Stylistiquement, ce filtre est très différent : la première section du livre (et aussi la plus longue), écrite à la troisième personne, est portée par la voix d’un narrateur à la fois tendre et distant, sinon ironique, qui raconte l’histoire de Bruria Avi-Shaul et de sa famille en la confrontant à des documents : lettres personnelles, rapports, listes, placés dans de généreuses notes de bas de page. Celles-ci renouent sans doute avec le genre du roman documentaire, qui entremêle récit de fiction et sources primaires, initié en 1974 par Mária Ember dans Virage en épingle à cheveu – un roman essentiel sur la Shoah hongroise. Mais on ne peut s’empêcher de songer à l’écriture de Péter Esterházy, figure tutélaire du livre avec lequel Forgách dialogue en sourdine, sans en reprendre les [l]armes et la colère.

Or, le narrateur de la première section se déplace au gré de son imagination dans le labyrinthe textuel laissé par la police secrète hongroise, rajoutant des détails ignorés de celle-ci, comme pour re-personnaliser l’inhumanité du style policier : drames amoureux, tensions familiales, pensées intérieures des personnages, scènes tragicomiques – comme ce passage dans lequel Marcell, alors expatrié à Londres, livre le récit de ses aventures au bordel à son fils de dix ans après avoir agressé un inoffensif émigré hongrois que sa paranoïa avait transformé en agent provocateur ! L’alternance des points de vue compliquent et mettent en perspective l’histoire donnée par le dossier. Elle s’ouvre vers une vision plus ironique de l’Histoire, visible en particulier dans les belles pages consacrées aux bâtiments budapestois : descriptions du siège de la police secrète, de l’appartement familial, etc. Avec la perspicacité d’un Sebald, le narrateur montre dans les transformations successives (et parfois absurdes) des pierres et des rues les méandres capricieuses de l’histoire de la ville et de ses habitants.

L’ironie reste audible dans la deuxième section du livre qui propose cinq poèmes en vers libres sur Bruria et Marcell, les parents « collabos ». Mais le lyrisme le dispute à l’ironie : un lyrisme retenu, qui souligne les tragédies éthiques de ces deux personnages emportés par une histoire marquée par la Shoah et la guerre froide. C’est seulement après ce double détour littéraire qu’András Forgách revient à l’avant-plan et parle ouvertement de sa rencontre avec le dossier.

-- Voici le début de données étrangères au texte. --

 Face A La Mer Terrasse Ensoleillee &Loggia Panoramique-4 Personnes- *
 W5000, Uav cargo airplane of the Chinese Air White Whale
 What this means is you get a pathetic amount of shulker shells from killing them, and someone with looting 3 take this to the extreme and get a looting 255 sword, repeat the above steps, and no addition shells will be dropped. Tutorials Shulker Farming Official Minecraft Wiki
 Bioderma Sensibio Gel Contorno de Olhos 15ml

Une autofiction historicisée

Fils d’espionne est loin d’être le premier récit dédié à ce genre de rencontre dans la littérature hongroise et centre-européenne. L’ouverture des archives des polices secrètes communistes a fait proliférer les œuvres qui se penchent sur l’expérience de la surveillance et/ou de la collaboration avec la police secrète : le livre d’Esterházy avait été précédé par celui de l’historien Timothy Gordon Ash sur son dossier de la Stasi (The File. A Personal History, Vintage, 1997), ou encore par l’essai de Péter Nádas, « Notre pauvre, pauvre Sascha Anderson » (1995) – ou pour sortir de Hongrie, par Moi, leur fils. Dossier de la Securitate de Dorin Tudoran (2010). Au point qu’il est raisonnable de parler d’un genre en soi, qui mélange écritures littéraire et policière ; un genre où la lecture du dossier figure comme expérience centrale. Pour prolonger les réflexions de la chercheuse Cristina Vatulescu (Police Aesthetics, Stanford University Press, 2010), on peut mentionner l’existence d’une « esthétique policière » qui influence la production littéraire en tant que telle, façonnant aussi son style.

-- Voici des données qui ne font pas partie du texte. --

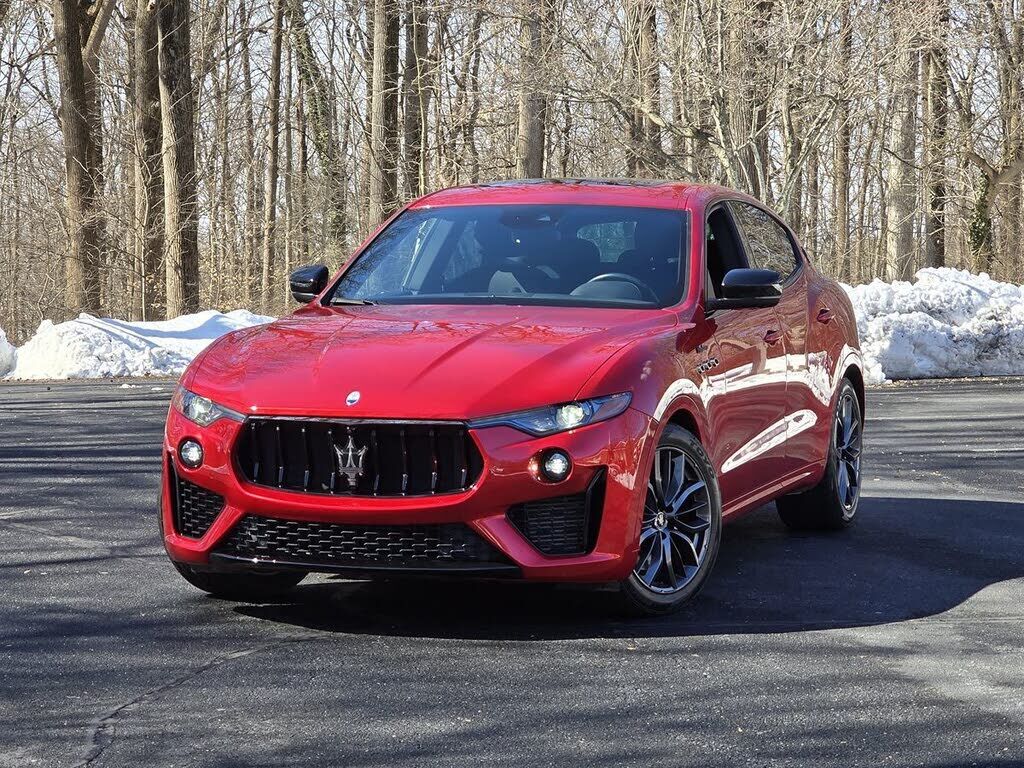 2023 MASERATI Levante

À cette manne littéraire s’entremêlent les débats houleux sur la mémoire du communisme des trente dernières années, qui ont donné lieu à des polémiques fortement politisées où les actes des polices secrètes et de leurs collaborateurs ont toujours occupé une place centrale. Dans le contexte d’un discours anticommuniste, les accusations de collaboration ont souvent été utilisées dans les luttes sociales locales. Le champ culturel n’a guère été épargné par ces débats : qu’on songe aux affaires Milan Kundera, Christa Woolf, Jan Sokol ou, pour l’espace hongrois, aux scandales qui ont éclaté autour des réalisateurs István Szabó et Gábor Bódy. Le livre de Forgách a néanmoins paru dans un contexte moins électrique : le discours anticommuniste est désormais trop enraciné pour déclencher critique pertinente ou défense hardie. Les luttes autour de la mémoire du communisme semblent de moins en moins violentes, étouffées comme elles le sont par la victoire d’un anticommunisme institutionnalisé et, par conséquent, blasé.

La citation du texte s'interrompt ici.